Keeping time as we humans do, I turned 36 on August 15th. This previous year had not been kind to me, and an acquaintance with a fascination for things psychic and predictive told me (a mere three days before my birthday, and during a very serendipitous encounter) that 3-6 means good fortune. Dear sweet baby Jesus all swaddled in your manger: I hope she's right.

I've been home for a day and a half from what I coined EPIC BIRTHDAY VACATION, which included vast amounts of amazing and high-level roller derby, consumption of enormous quantities of vegan victuals, mass socializing with loved ones and three whole days on the Bonneville Salt Flats during Speed Week. Oh, and lots of backside soreness due to riding in the mister's 1931 Model A Ford pick-up. I felt maddeningly alive, in positive and negative ways, during the epicness... only to return home to the same old malaise, even though I have yet to set foot at the studio.

Backing up a bit: it might make sense to point out that ever since I started my young adult life as a nomad, I've never called any one place home for more than a few years at a time. In all fairness I did log nearly a decade in the Boston area, but in two shifts. My five-year tenure in Ashland marks the longest stretch in one place since my formative years in Queens. I've gone against my nature to set roots in this small town, mostly on account of that foolish thing we call "being in love." Coming home from EPIC BIRTHDAY VACATION (yes, it always deserves all caps) made me realize that maybe love isn't enough to keep me here.

While walking to the grocery store earlier I pondered the idea of experiencing my own mid-life crisis. For a change the timing actually fits. I used to joke about such things in my late teens and early twenties, because back then I had myself convinced I'd be six feet under well before 30. Oh, ha ha. But now it makes sense.

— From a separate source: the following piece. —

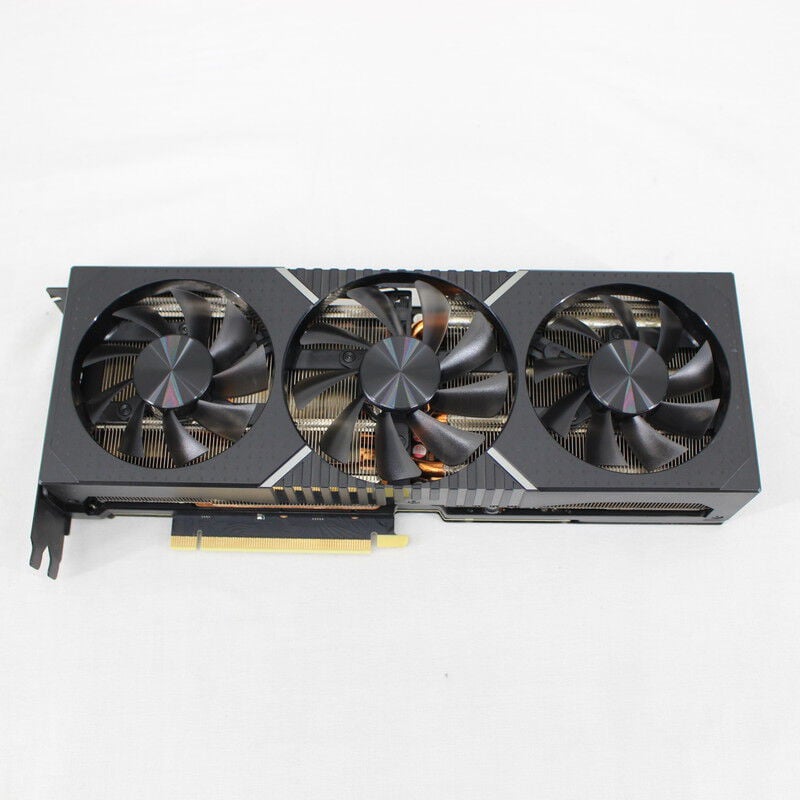 中古 HP GeForce RTX3080 (10GB PCI-E)（RTX3080 10GB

So I guess it's time I bought myself a fancy and expensive road bike (my equivalent of the little red sports car) and hit the road. Again.

1 comment:

swine said...

People who have "roots" in any one particular place don't seem to realize that environments change, personal ideas change, and sometimes the two don't jive anymore.

Dude, you're a citizen of the world, ho'mes. Now git! You've lived among hippie environmentalists for too long. The Salt Flats await!

By the by, The Mister's pick-up sounds brilliant.